The virulence function of NSP by targeting and inhibiting the NIK1 kinase activity is likely to enhance the pathogenicity of CaLCuV in Arabidopsis. Thus, it is not surprising that the enhanced susceptibility phenotype displayed by single mutants of rpL10A or NIK alleles can only be monitored by challenging Arabidposis with an attenuated form of the virus. In fact, CP null mutants of CaLCuV DNA-A delays infection and attenuates symptoms in wild type lines but not in nik1 or rpl10a knockouts in which the coat protein-less mutant promotes wild type-like infection. In bipartite geminiviruses, the coat protein has been demonstrated to act as an auxiliary protein for NSP function by increasing the accumulation of viral ssDNA, the substrate for NSP . Therefore, the coat protein may indirectly stimulate the NSP shuttling function and thereby may increase the efficiency of intracellular viral DNA trafficking, potentiating viral infection. As an inhibitor of NIK kinase activity, the level of NSP inhibition will depend on the ratio of NSP and NIK concentration (Figure S6). Because concentration of viral produced NSP in infected cells will depend on the dosage of accumulated viral DNA, the variation on infection efficiency promoted by wild type or CaLCuV mutants will affect the extent to which NIK-mediated pathway is inhibited. Furthermore, both NIK and rpL10 are encoded by small gene families (three gene copies) whose members may functionally substitute for one another. Functional redundancy of rpL10 family may explain why we did not observe any phenotypic variation between rpl10a knockout and wild type lines grown under normal conditions. These observations may also implicate a gene dosage-like effect on NIK-NSP interaction, which may explain at least in part a wild type-like infection promoted by CP null mutants in nik1 and rpl10a genetic background. If this is the case, in a triple rpL10A mutant, the infection rate by CaLCuV would be enhanced to such extent that would be possible to distinguish it from a relatively lower rate of infection displayed by wild type lines infected by wild type CaLCuV. Nevertheless, the essential character of ribosomal genes  is likely to complicate attempts at further pursuing these experiments.
Our current findings together with previous results  support a proposed mechanistic model for NIK1-mediated signaling pathway and its interaction with geminiviral protein (Figure 6). In response to unidentified stimuli, the LRR extracellular domain undergoes oligomerization bringing the intracellular kinase domains into close proximity to transphosphorylate and to activate one another. In vitro kinetic studies on NIK1 kinase activity and activation provided evidence that oligomerization of NIK1 precedes transphosphorylation and activation of the kinase . The active kinase recruits and phosphorylates the downstream component rpL10A, which results in translocation of the ribosomal protein to the nucleus where it may function to directly mount a defense response that negatively impacts virus replication and/or movement. Alternatively or additionally, as a putative translational control factor, redirecting rpL10A to the nucleus may shut down protein synthesis, thereby impairing virus infection. Counteracting the pathway activation mechanism, binding of NSP to the kinase domain impairs autophosphorylation of regulatory threonine residues within the A-loop and hence prevents activation of NIK1 and the subsequent translocation of rpL10A to the nucleus. Thus, upon geminivirus infection, rpL10A is trapped within the cytoplasm as punctate corpuscles to prevent the establishment of a host environment that disfavors virus proliferation and/or spread.

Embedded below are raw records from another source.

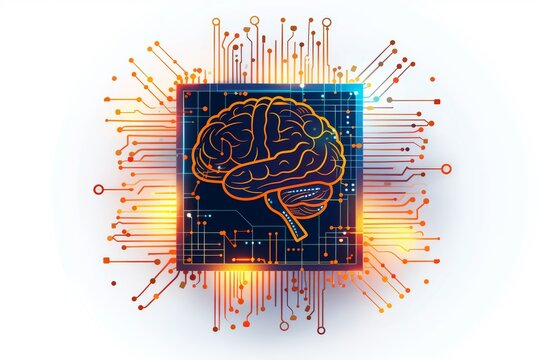 AI Brain Chip manufacturing. Artificial Intelligence advancement human depression mind circuit board. Neuronal network ai smart product smart computer processor web based software
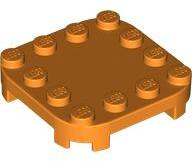 LEGO® 66792c4 - LEGO narancssárga lap 4 x 4 méretű, lekerekített sarkokkal, négy lábbal (66792c4)
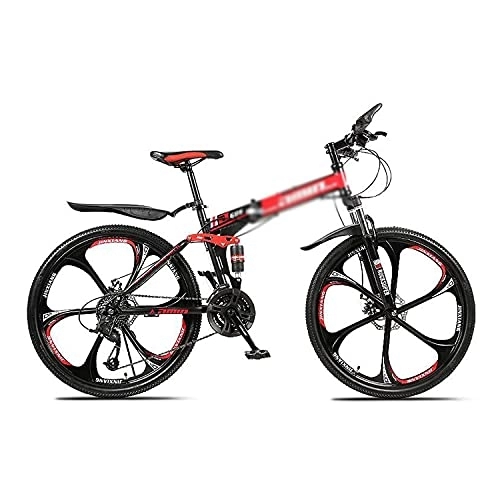 Folding Bike : MQJ Folding Mountain Bike 26 inch Wheels Bicycle Carbon Steel Frame 21 / 24 / 27 Speed MTB Bike with Daul Disc Brakes for Men Woman Adult and Teens / Red / 24 Speed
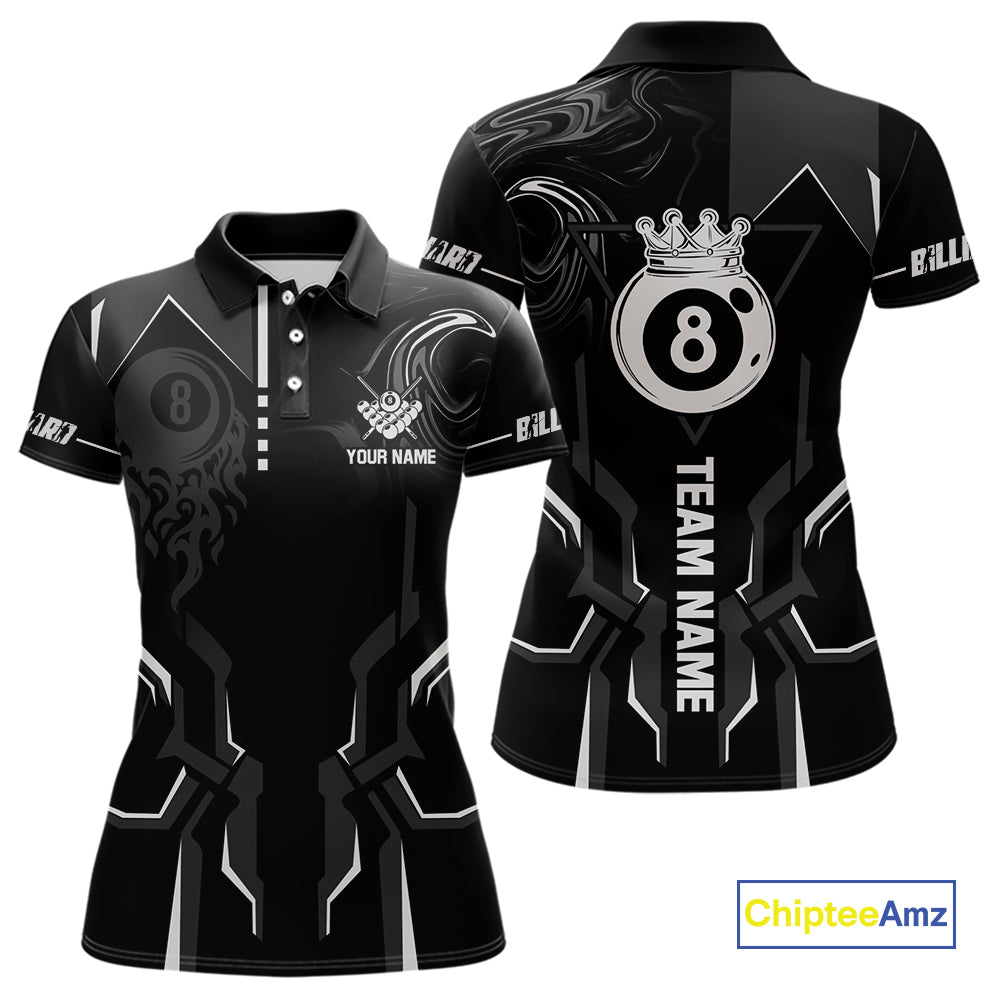 Customized 8 Ball Pool Crown Women Billiard Shirt, White And Black Billiard Team Shirt, Pool Jersey TDM4053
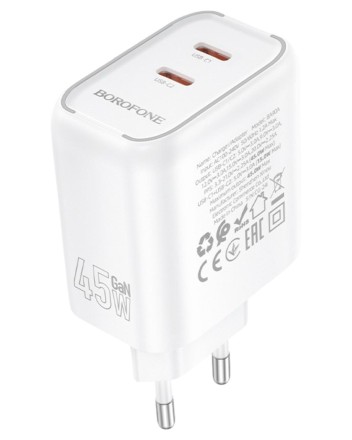  Сетевое зар. устр. Borofone BA90A 2C 45W белое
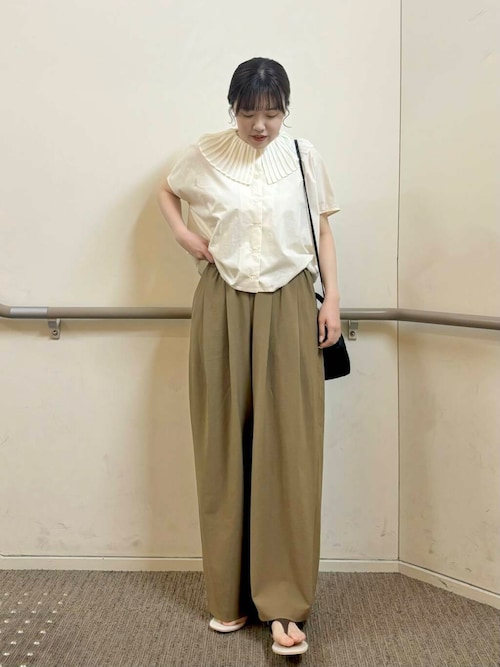 セール】mizuiro ind pleats collar shirts（シャツ/ブラウス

Stress-induced oligomerization of the extracellular domain of NIK1 brings the intracellular kinase domains into proximity and allows them to transphosphorylate and activate one another. Upon activation, NIK1 phosphorylates rpL10A, promoting its translocation to the nucleus where it may mount a defense strategy that prevents virus proliferation of spread. Conversely, binding of NSP to the NIK1 kinase domain (A-Loop) inhibits autophosphorylation of NIK1 and, thus, prevents receptor kinase activation and signaling.
A question that remains unanswered is how phosphorylated rpL10A functions to impact viral infectivity leading to a delay in the onset of virus infection. Yeast rpL10A is required for joining of the 40S and 60S subunits  and for large subunit nuclear export through direct interaction with Nmd3p, a NES (nuclear export signal)-containing protein that is specifically associated with 60S subunits . By analogy with the yeast rpL10A homolog, one may predict that relocation of Arabidopsis rpL10A to the nucleus would interfere in both ribosome subunit assembly and 60S subunit export from the nucleus, which would affect general translation and hence impair virus infection. Alternative mechanisms for rpL10A action would invoke extraribosomal functions like those described for other eukaryotic homologs. The rpL10A gene (At1g14320) is closely related to QM originally identified from the Wilms' tumor cell line as a candidate tumor-suppressor gene  and has been shown to regulate the proto-oncogene c-Yes . The chicken QM homolog, designated Jif-1 (Jun interactor factor-1) interacts with the transcriptional factor Jun and influences cjun–mediated transcription and apoptosis ,. Yeast QM homologous genes, such as GRC5 or QSR1, participate in translational control of gene expression  and an Entamoeba histolytica QM homolog exhibits extraribosomal functions associated with suppression of cell proliferation . These putative rpL10A functions, translational control and cell proliferation suppression, may serve as potential host defense strategies against virus. The identification of downstream targets of rpL10A is crucial to decipher this layer of innate defense and to elucidate the underlying mechanism of a defense signaling that has the potential to interfere with normal developmental and cell proliferation events. Because a productive viral infection depends extensively on host biochemical and physiological performance, the NIK-mediated defense responses are likely to target other phytoviruses as well. The NIK1-overexpressing lines will allow us to address the effectiveness of this innate defense strategy on other virus compatible interactions.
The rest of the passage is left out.